12.6 Summary and Discussion

This chapter provides a framework for deriving parallel algorithms that use dynamic programming. It identifies possible sources of parallelism, and indicates under what conditions they can be utilized effectively.

By representing computation as a graph, we identify three sources of parallelism. First, the computation of the cost of a single subproblem (a node in a level) can be parallelized. For example, for computing the shortest path in the multistage graph shown in Figure 12.3, node computation can be parallelized because the complexity of node computation is itself Q(n). For many problems, however, node computation complexity is lower, limiting available parallelism.

Second, subproblems at each level can be solved in parallel. This provides a viable method for extracting parallelism from a large class of problems (including all the problems in this chapter).

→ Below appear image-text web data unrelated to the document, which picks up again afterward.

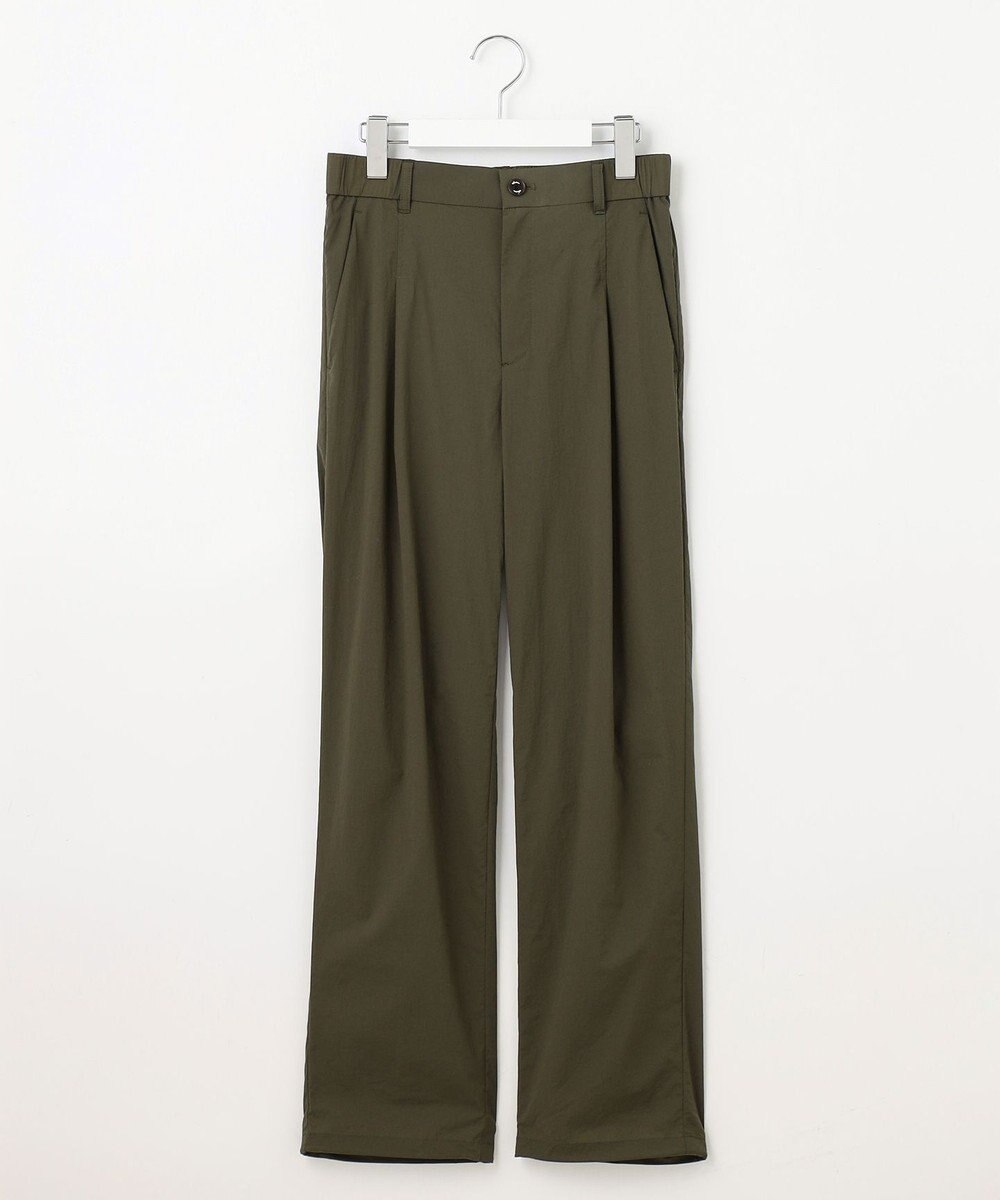 23区GOLF 【23Fondation/WOMEN】【ストレッチ/撥水】パラシュートパンツ 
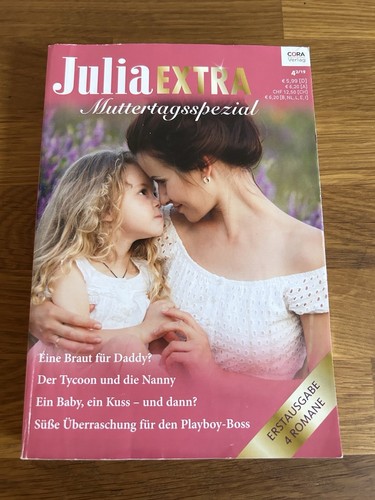 Julia extra roman - julia,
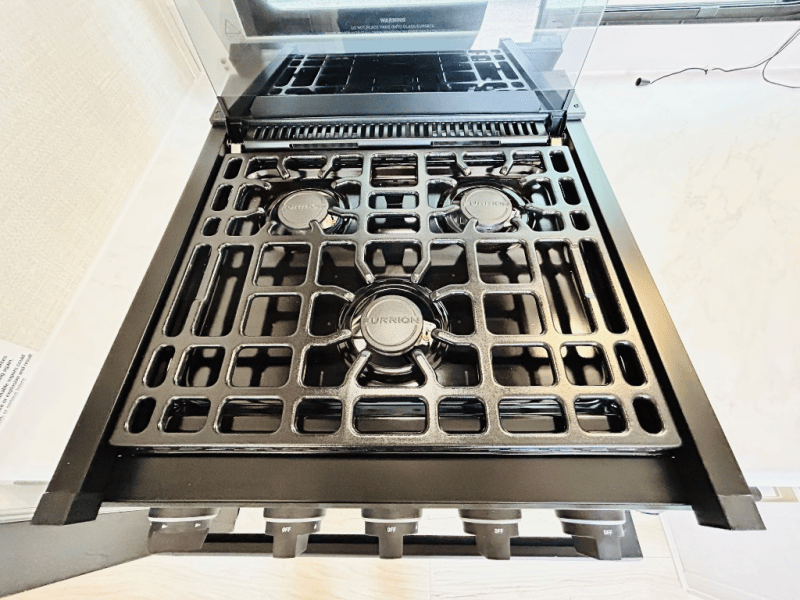 2025 Forest River 2025 Forest River Surveyor - thumbnail 35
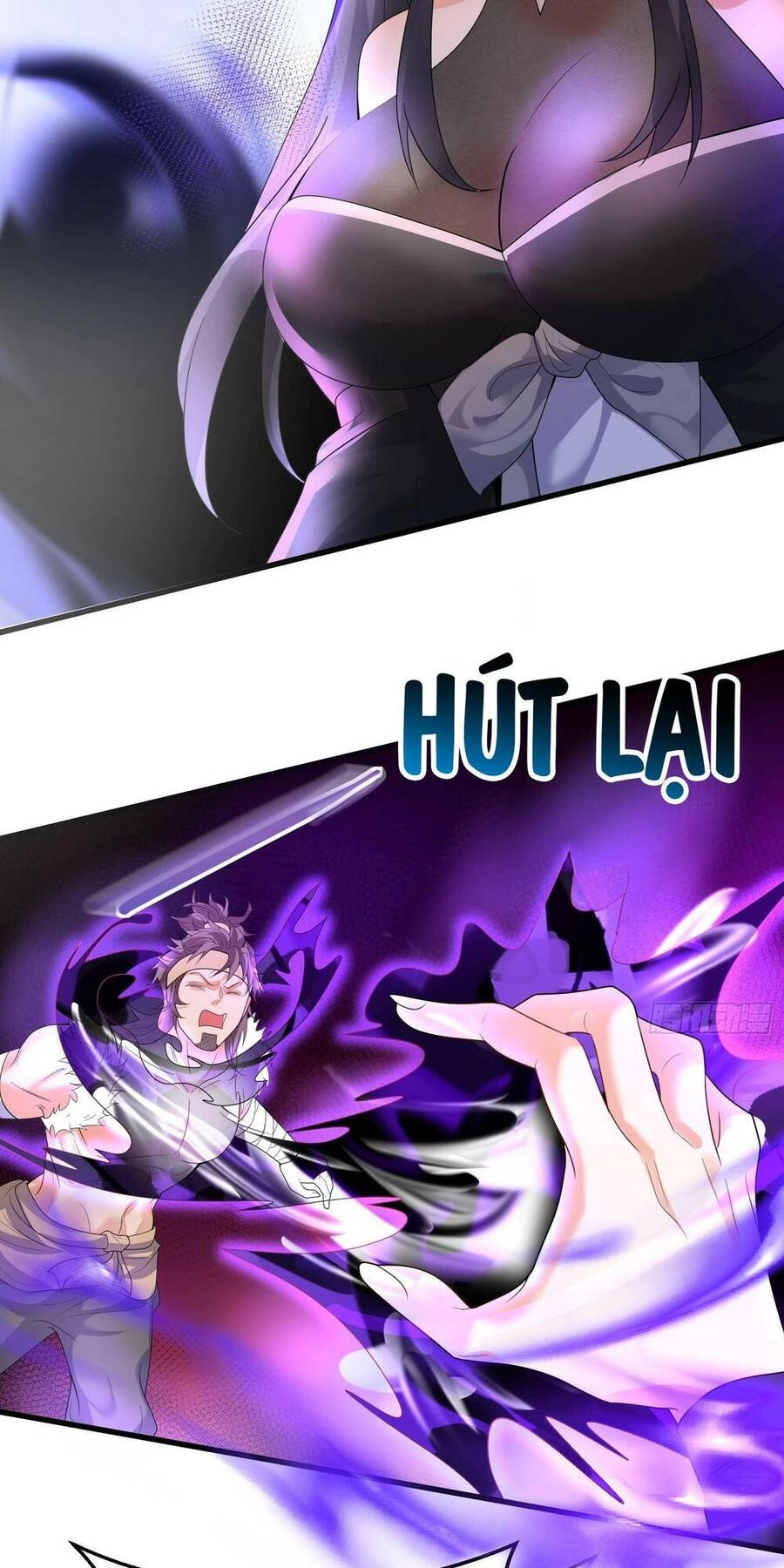 Ta Vô Địch Từ Ăn Chực Chapter 11 - 16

The first two sources of parallelism are available to both serial and nonserial formulations. Nonserial formulations allow a third source of parallelism: pipelining of computations among different levels. Pipelining makes it possible to start solving a problem as soon as the subproblems it depends on are solved. This form of parallelism is used in the parenthesization problem.

Note that pipelining was also applied to the parallel formulation of Floyd's all-pairs shortest-paths algorithm in Section 10.4.2. As discussed in Section 12.4, this algorithm corresponds to a serial DP formulation. The nature of pipelining in this algorithm is different from the one in nonserial DP formulation. In the pipelined version of Floyd's algorithm, computation in a stage is pipelined with the communication among earlier stages. If communication cost is zero (as in a PRAM), then Floyd's algorithm does not benefit from pipelining.

Throughout the chapter, we have seen the importance of data locality. If the solution to a problem requires results from other subproblems, the cost of communicating those results must be less than the cost of solving the problem. In some problems (the 0/1 knapsack problem, for example) the degree of locality is much smaller than in other problems such as the longest-common-subsequence problem and Floyd's all-pairs shortest-paths algorithm.